Fascinating research from 2019 suggests that the absence of a corpus luteum could plausibly explain why women who undergo IVF with programmed FET are at higher risk of developing hypertensive disorders of pregnancy, particularly preeclampsia [4]. The study was conducted between 2011 and 2017 by researchers at the University of Florida and published in Hypertension. 683 women were studied in groups according to how many corpus luteums they developed: one group had no corpus luteum, another had one, and the third group had more than one (this is possible due to ovarian hyperstimulation during fresh embryo cycles). 

According to the American Heart Association News:

“Researchers found that preeclampsia rates reached 12.8 percent in women receiving frozen embryos under a programmed cycle without a corpus luteum compared with 3.9 percent among women who had frozen embryo transfers under a modified natural cycle with a corpus luteum.” 

What role might the corpus luteum play in preventing hypertensive disorders during pregnancy?

In programmed FET cycles, exogenous (from outside the body) estrogen and progesterone are administered, but not in a way that mimics the amounts released (and timing of release) from the corpus luteum after natural ovulation. 
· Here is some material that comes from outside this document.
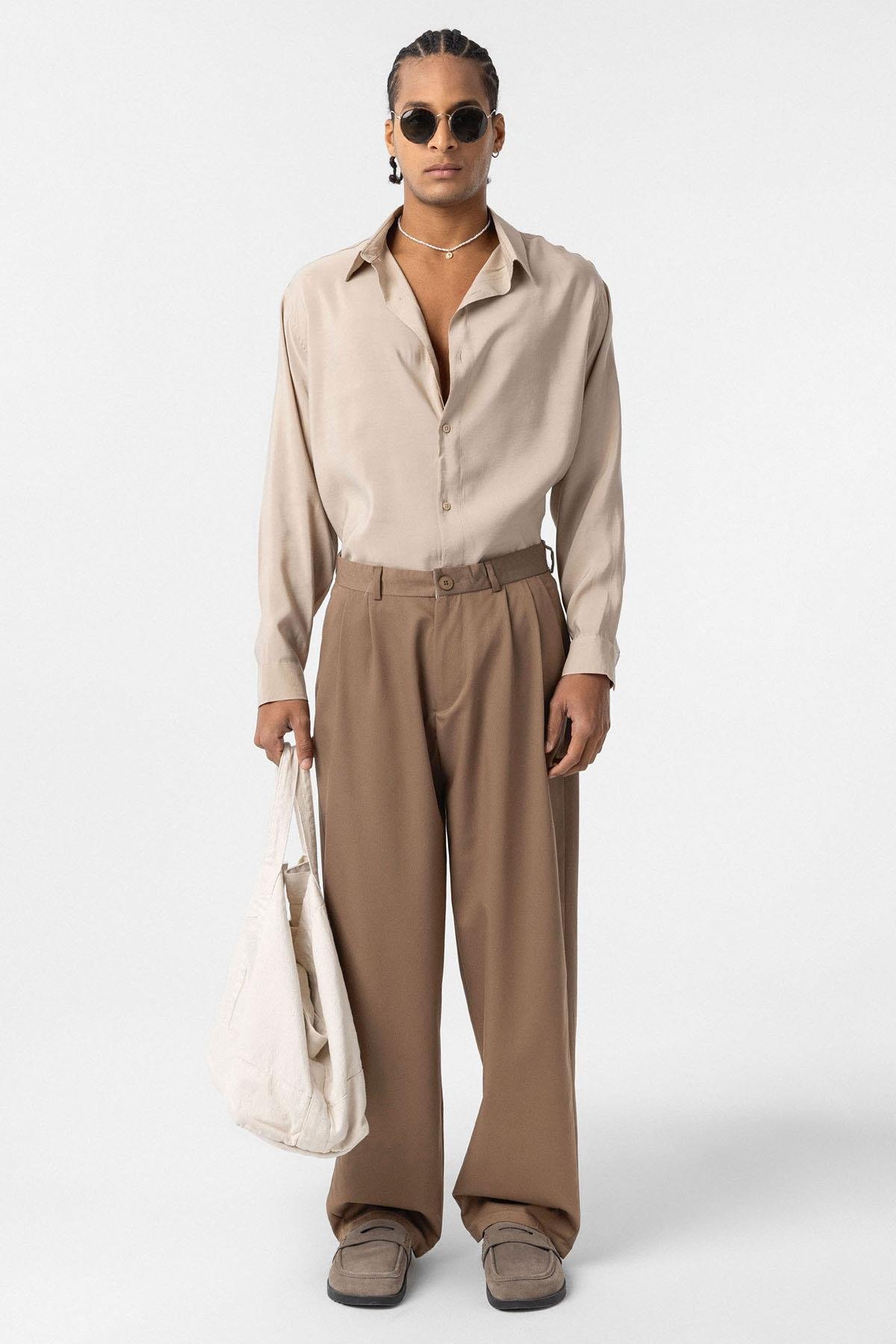 Baggy Fit Pileli Kumaş Pantolon Vizon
What else might be missing in a woman whose body doesn’t form a corpus luteum? As we previously noted, the corpus luteum is not only responsible for progesterone production. It also produces some estrogen as well as the hormones relaxin and inhibin. The University of Florida study researchers observed:

“Although estradiol and progesterone are replaced during a programmed FET or donor egg cycle in the first trimester, other vasoactive products of the [corpus luteum], which may be important for maternal cardiovascular adaptation to pregnancy, such as relaxin,13–16 are not administered. Deficient circulatory adaptations during early gestation have been linked to adverse pregnancy outcomes, including preeclampsia.12,17,18” [4].
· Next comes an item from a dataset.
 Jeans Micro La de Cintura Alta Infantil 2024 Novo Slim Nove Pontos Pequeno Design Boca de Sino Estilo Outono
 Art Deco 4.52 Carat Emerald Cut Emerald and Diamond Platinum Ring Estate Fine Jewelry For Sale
Women who struggle to conceive have options other than IVF

Here, I’ve focused on specific risks associated with IVF with FET, especially the risks of serious complications like preeclampsia associated with programmed cycle FET, which are significantly higher than other forms of IVF. However, the unfortunate reality is that even with a “natural” or “modified natural” cycle, the IVF process is still not natural. It’s risky for moms and babies no matter whether fresh or frozen embryos are used (and we’ve covered some of those risks previously), and it is a costly, invasive procedure with no guarantee of success (although rates of success for younger women, in particular, have improved greatly in recent years). 

Fortunately, restorative reproductive medicine (RRM) healthcare providers offer women hope for conceiving apart from risky assisted reproductive technologies like IVF and intrauterine insemination (IUI). While RRM is not a bulletproof “magic pill” cure-all for infertility, trained providers work with the woman’s body to optimize hormone levels and ovulation and address the underlying root causes, understanding that infertility is often “downstream” of a problem elsewhere in the body. Rather than “overriding the system,” RRM works in cooperation with the incredible natural design of the female body. 
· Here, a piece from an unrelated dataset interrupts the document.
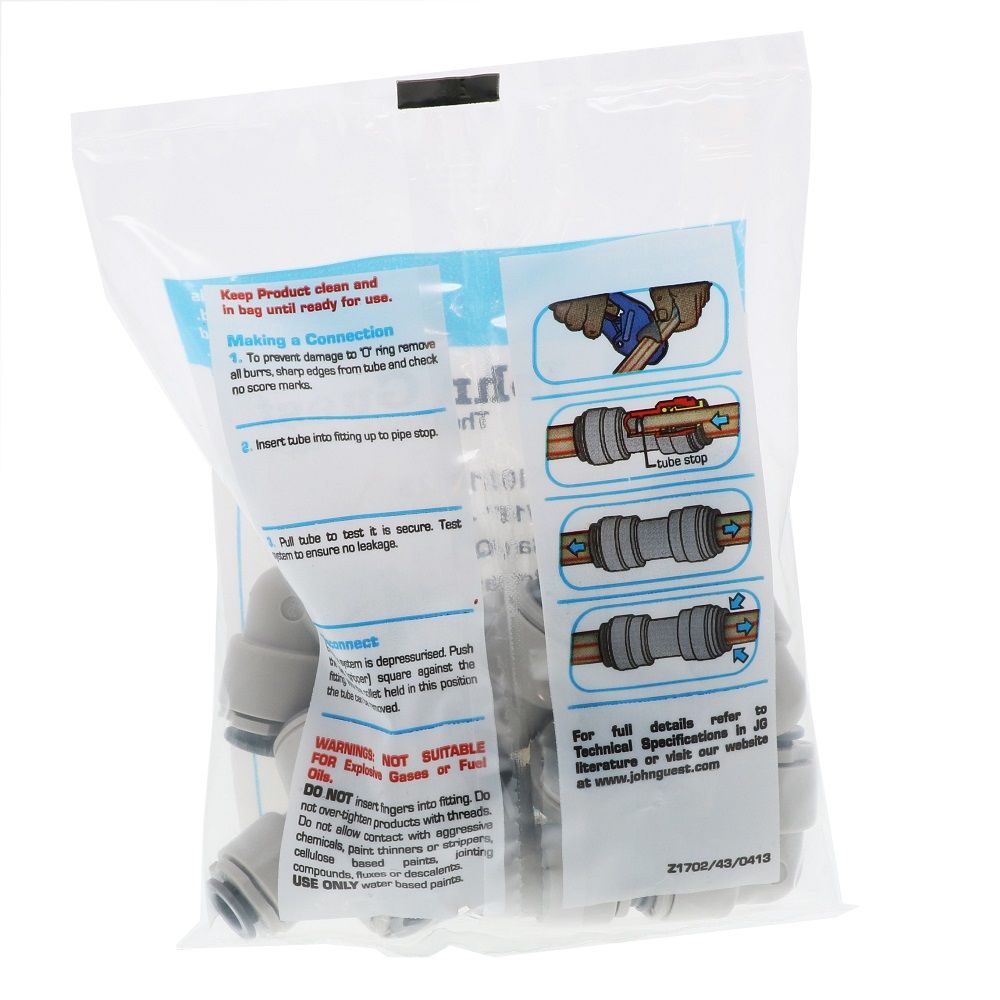 John Guest Superseal Elbow - 5/16 Superseal x 3/8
Therefore, the reality that the more “natural” the version of IVF, the less risky it may be for moms, makes good intuitive sense. It should also encourage women who are struggling with infertility and considering IVF that hope may instead lie best in seeking out a provider who can help them achieve their healthiest natural cycles possible. 

References:

[1] Petersen, S.H., et al. (2022) Risk of Hypertensive Disorders in Pregnancy After Fresh and Frozen Embryo Transfer in Assisted Reproduction: A Population-Based Cohort Study With Within-Sibship Analysis. Hypertension. doi.org/10.1161/HYPERTENSIONAHA.122.19689.

[2] Ibrahim Y, Haviland MJ, Hacker MR, Penzias AS, Thornton KL, Sakkas D. Elevated progesterone and its impact on birth weight after fresh embryo transfers. J Assist Reprod Genet. 2017 Jun;34(6):759-764. doi: 10.1007/s10815-017-0920-8. Epub 2017 Apr 17. PMID: 28417348; PMCID: PMC5445056.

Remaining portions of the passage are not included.